#### THE DATA

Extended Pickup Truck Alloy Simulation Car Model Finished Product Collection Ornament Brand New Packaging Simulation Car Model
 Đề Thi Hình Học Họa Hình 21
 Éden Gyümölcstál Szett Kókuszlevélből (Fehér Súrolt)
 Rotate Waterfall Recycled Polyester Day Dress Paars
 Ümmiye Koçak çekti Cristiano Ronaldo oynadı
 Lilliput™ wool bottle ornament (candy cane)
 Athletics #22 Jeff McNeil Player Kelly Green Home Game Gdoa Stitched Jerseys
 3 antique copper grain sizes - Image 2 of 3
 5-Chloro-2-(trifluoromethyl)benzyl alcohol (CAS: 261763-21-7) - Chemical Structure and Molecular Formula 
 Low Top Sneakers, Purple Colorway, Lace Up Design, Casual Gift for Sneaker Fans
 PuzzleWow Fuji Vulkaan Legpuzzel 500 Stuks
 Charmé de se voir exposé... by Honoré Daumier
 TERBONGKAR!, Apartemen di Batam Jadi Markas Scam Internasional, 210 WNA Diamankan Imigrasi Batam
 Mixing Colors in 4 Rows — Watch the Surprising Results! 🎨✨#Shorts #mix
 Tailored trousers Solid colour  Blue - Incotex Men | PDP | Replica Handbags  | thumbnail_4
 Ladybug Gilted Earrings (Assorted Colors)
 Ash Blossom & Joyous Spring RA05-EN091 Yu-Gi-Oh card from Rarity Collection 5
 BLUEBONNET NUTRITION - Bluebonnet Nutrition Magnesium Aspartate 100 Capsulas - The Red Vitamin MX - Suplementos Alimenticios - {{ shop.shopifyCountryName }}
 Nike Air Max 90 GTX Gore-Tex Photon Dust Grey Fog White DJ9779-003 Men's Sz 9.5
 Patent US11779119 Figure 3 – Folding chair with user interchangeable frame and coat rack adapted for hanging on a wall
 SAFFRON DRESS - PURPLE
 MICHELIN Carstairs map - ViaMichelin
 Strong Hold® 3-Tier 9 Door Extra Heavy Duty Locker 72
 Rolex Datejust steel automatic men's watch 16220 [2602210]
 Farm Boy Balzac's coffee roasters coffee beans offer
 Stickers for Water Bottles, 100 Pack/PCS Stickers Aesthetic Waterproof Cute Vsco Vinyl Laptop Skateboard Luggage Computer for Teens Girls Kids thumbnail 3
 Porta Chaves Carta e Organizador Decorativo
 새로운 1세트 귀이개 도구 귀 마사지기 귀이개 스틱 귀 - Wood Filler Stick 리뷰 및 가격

########

THE TASK » Beginning at the first line above, repeat exactly until the line containing "Low Top Sneakers, Purple", which is included.

WRITTEN REPLY »
Extended Pickup Truck Alloy Simulation Car Model Finished Product Collection Ornament Brand New Packaging Simulation Car Model
 Đề Thi Hình Học Họa Hình 21
 Éden Gyümölcstál Szett Kókuszlevélből (Fehér Súrolt)
 Rotate Waterfall Recycled Polyester Day Dress Paars
 Ümmiye Koçak çekti Cristiano Ronaldo oynadı
 Lilliput™ wool bottle ornament (candy cane)
 Athletics #22 Jeff McNeil Player Kelly Green Home Game Gdoa Stitched Jerseys
 3 antique copper grain sizes - Image 2 of 3
 5-Chloro-2-(trifluoromethyl)benzyl alcohol (CAS: 261763-21-7) - Chemical Structure and Molecular Formula 
 Low Top Sneakers, Purple Colorway, Lace Up Design, Casual Gift for Sneaker Fans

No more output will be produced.